What worked for my 2nd dd was for her to be alone. Being with me 24/7 was stressing her out. She needed her own space, her own bed. She got overstimulated during the day. Having that down time in her own crib in her own (well she shared with her older sister) room made all the difference. AP means listening to your baby. Maybe he is saying "I want to be alone".

Now with my son, co-sleeping and being held was the way to go. Every baby is different. Co-sleeping isn't working out for any of you. You've tried everything else; maybe it's time to try sleeping by himself.

Chris


----------



## catnap70 (Nov 11, 2005)

Hang in there mama! This too will pass--at least that is what I tell myself with a babe who doesn't like to co-sleep or nurse lying down, so I end up getting up multiple times in the night to nurse sitting up in a chair.
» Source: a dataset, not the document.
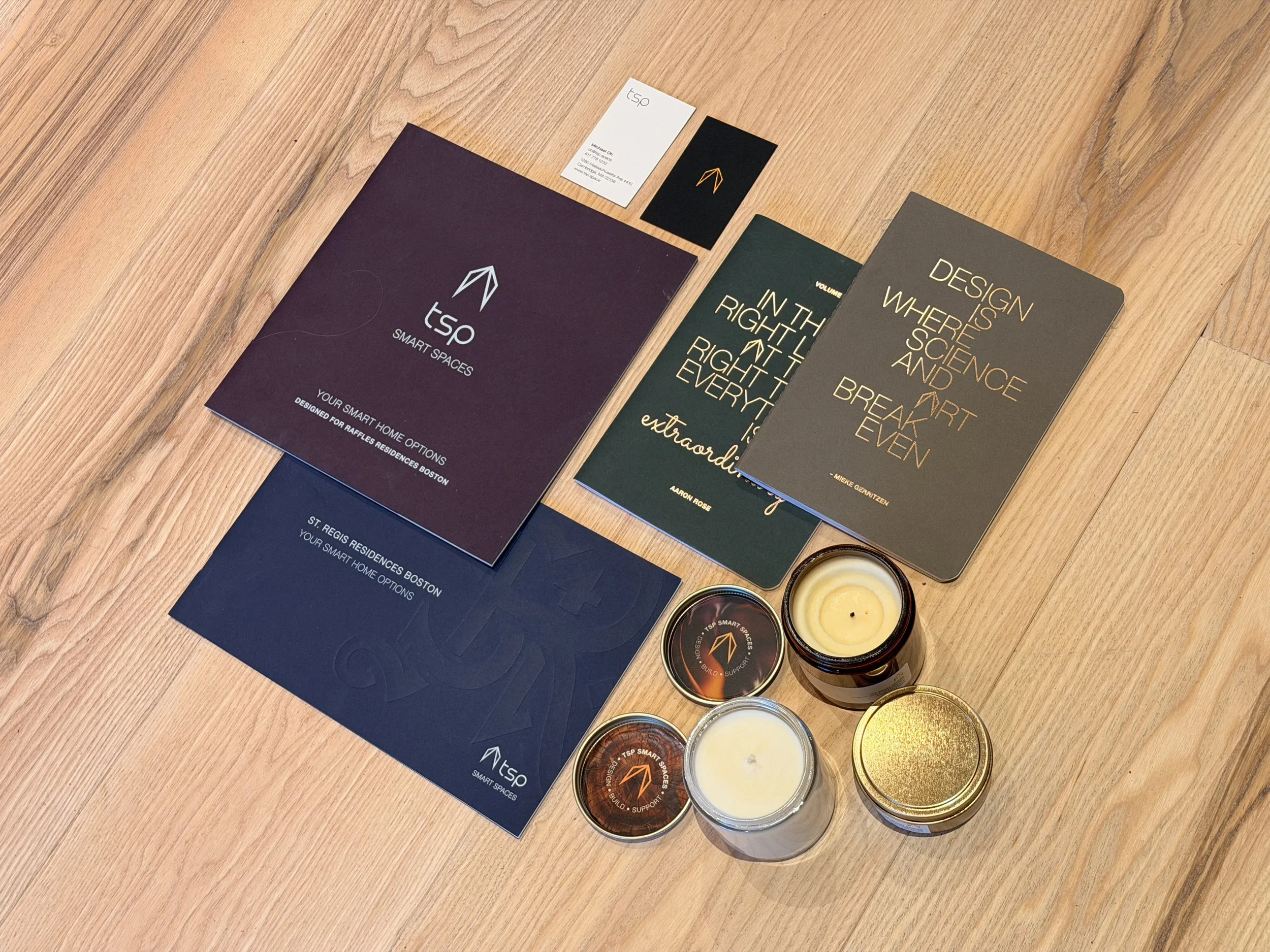 Selection of Smart Home brochures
So not fun!

I second the previous suggestion to change your sleeping arrangements so that DD is getting more sleep and can give you a break at some point. Our family uses the idea that whatever arrangement results in the most sleep for the most people is the best--which sometimes means some unconventional things, but it works. Just an extra hour will make a huge difference for you. Also, do you have someone who can come over and hold the babe for a little while so that you can sleep for a bit. For us, I have had to be OK with the idea that if there is going to be crying when I am holding, it is OK if there is crying when someone else is holding too, as long as all other needs are met first. When your mental health is at stake, it may be the only option.
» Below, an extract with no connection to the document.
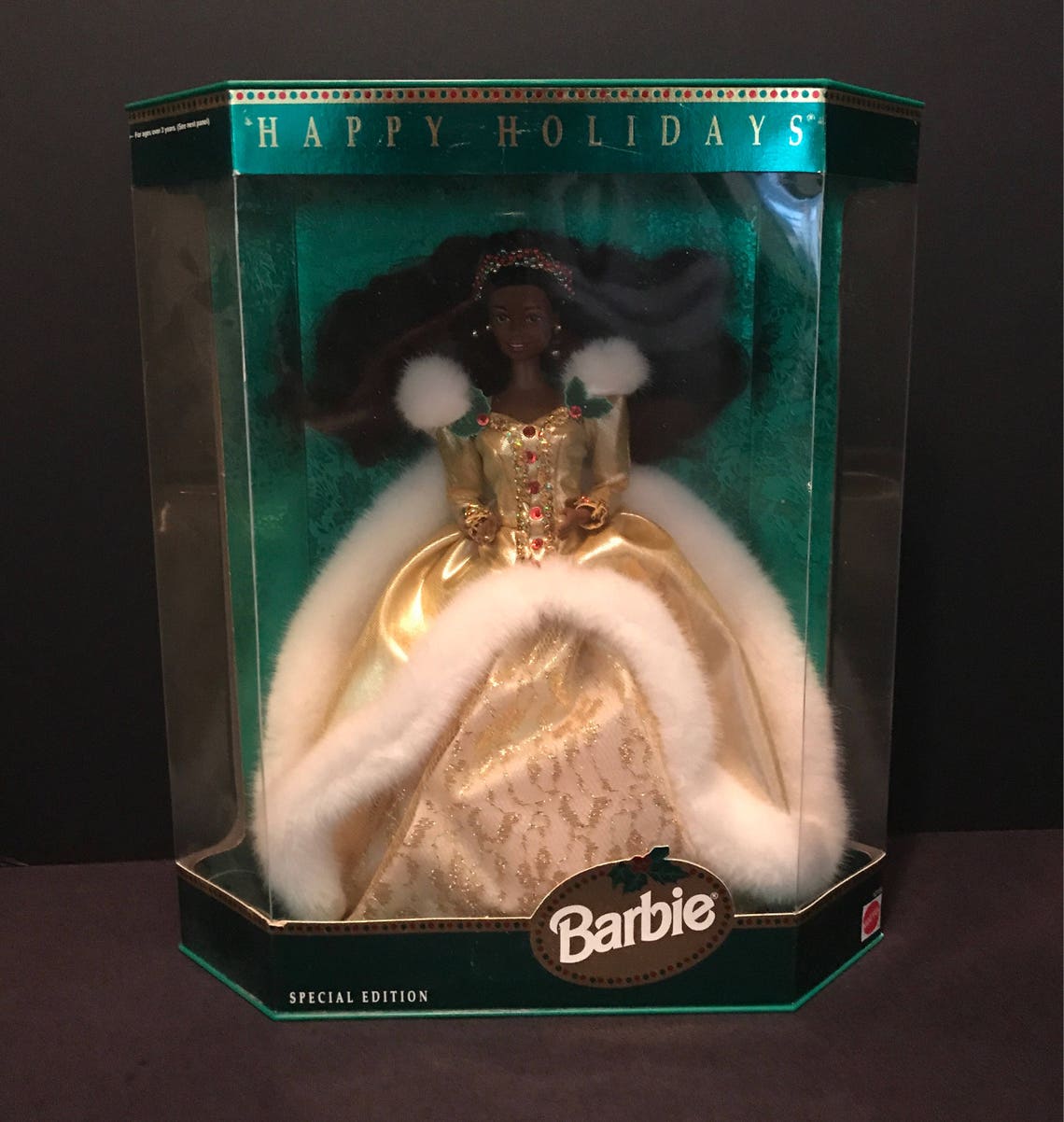 1994 Happy Holidays Barbie - Etsy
I also find that getting out and getting some exercise is a requirement for my mental health, not just something I should do more of, but truly a requirement.

And the TV is just a temporary solution. As things get better, you can use it less. You have to do what you have to do.
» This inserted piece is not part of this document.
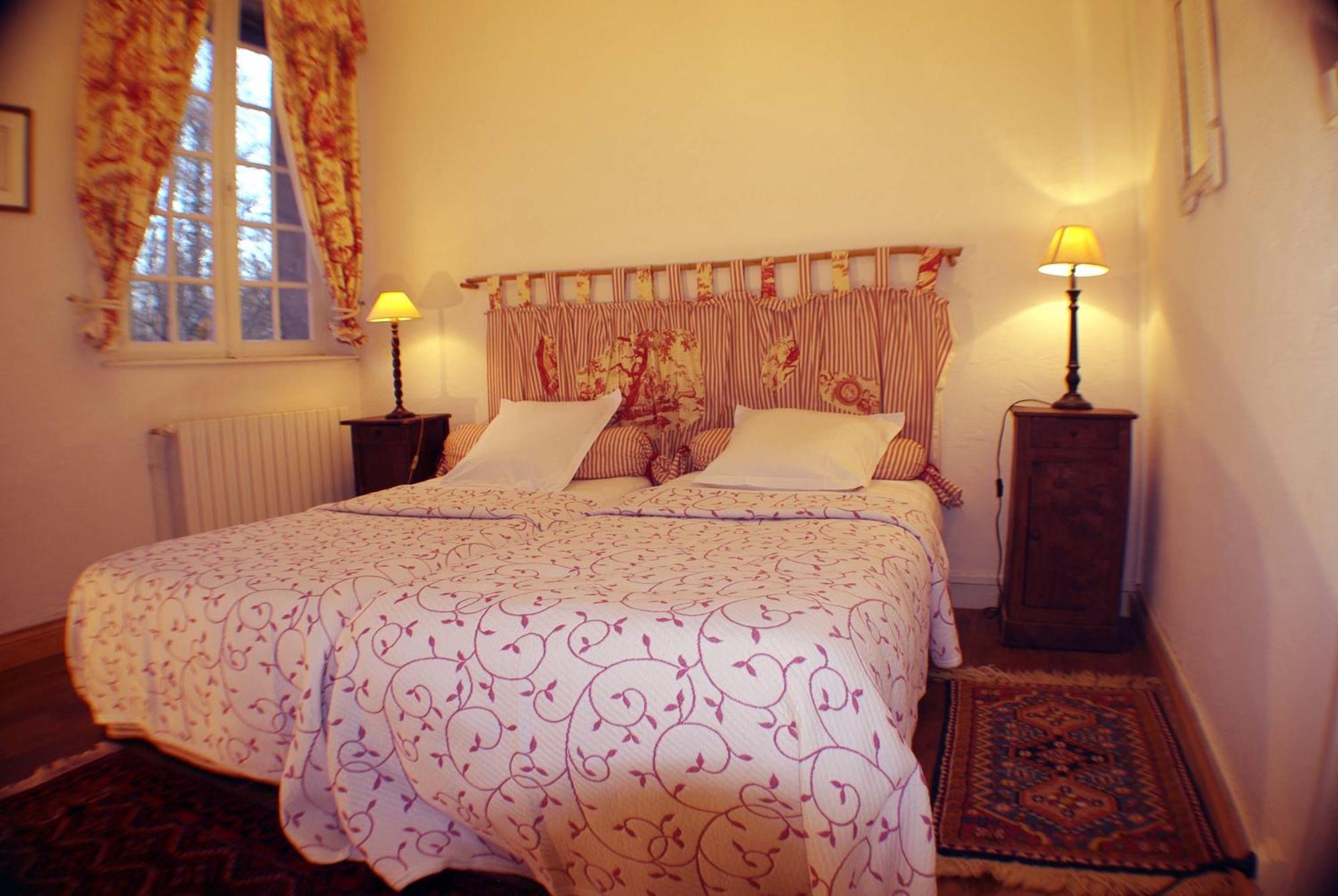 Maison D'Hotes Moulin Du Bas Pese モン・プレ・シャンボール 部屋 写真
Your babe is almost to that age in the first year when it does start to get better and it will.


----------



## morganlefay (Nov 13, 2007)

My DD was/is very high needs, although I don't have any other kids. She had terrible colic for four months, and as soon as the colic started to improve, she stopped sleeping for more than 45 minutes at a time. I could feel myself losing my grip on sanity. I was afraid to go to sleep at night because I knew she would just wake me a few minutes later (and all night long). I second the advice to have your husband sleep in another room on weeknights--then could he take over at least weekend mornings so that you could get a few hours of sleep? This is what my DH did and it helped a lot. Do you have a relative or friend who could take the baby for just an hour every day or two? For me, just having a little break made a difference. Also, I'm all for cosleeping, but we had to switch to a combo of crib/cosleeping for both DD and I to get more sleep. At 9 months, I was able to nightwean her partially (without compromising her nutritional needs). My philosophy is, do whatever it takes so that you're not completely used up.

DD is 11 months now and still very high needs, but things have improved drastically since she gained some mobility--she now sleeps better and will actually play and laugh instead of screaming all day. Just keep reminding yourself that your LO will not be this way forever--I know it's hard to beleive sometimes.


----------



## riverscout (Dec 22, 2006)

Well I managed to pick myself up and dust myself off yesterday and turn things around. I decided we needed to get out of the house since it was such an beautiful day, unseasonably warm. We went to this nice mall that has this cool sort of faux main street outside part with fountains and shops. My daughter loves it there. She threw tons of pennies in the fountains, and then we went to Pottery Barn Kids and played with all the cool stuff. On the way home, we stopped by Chick-fil-A and picked up a kids meal with chocolate milk which was a big deal for her. Mr. Fussypants was not at his best sometimes, particularly on the way home, but he survived. I really needed to have some fun with my daughter.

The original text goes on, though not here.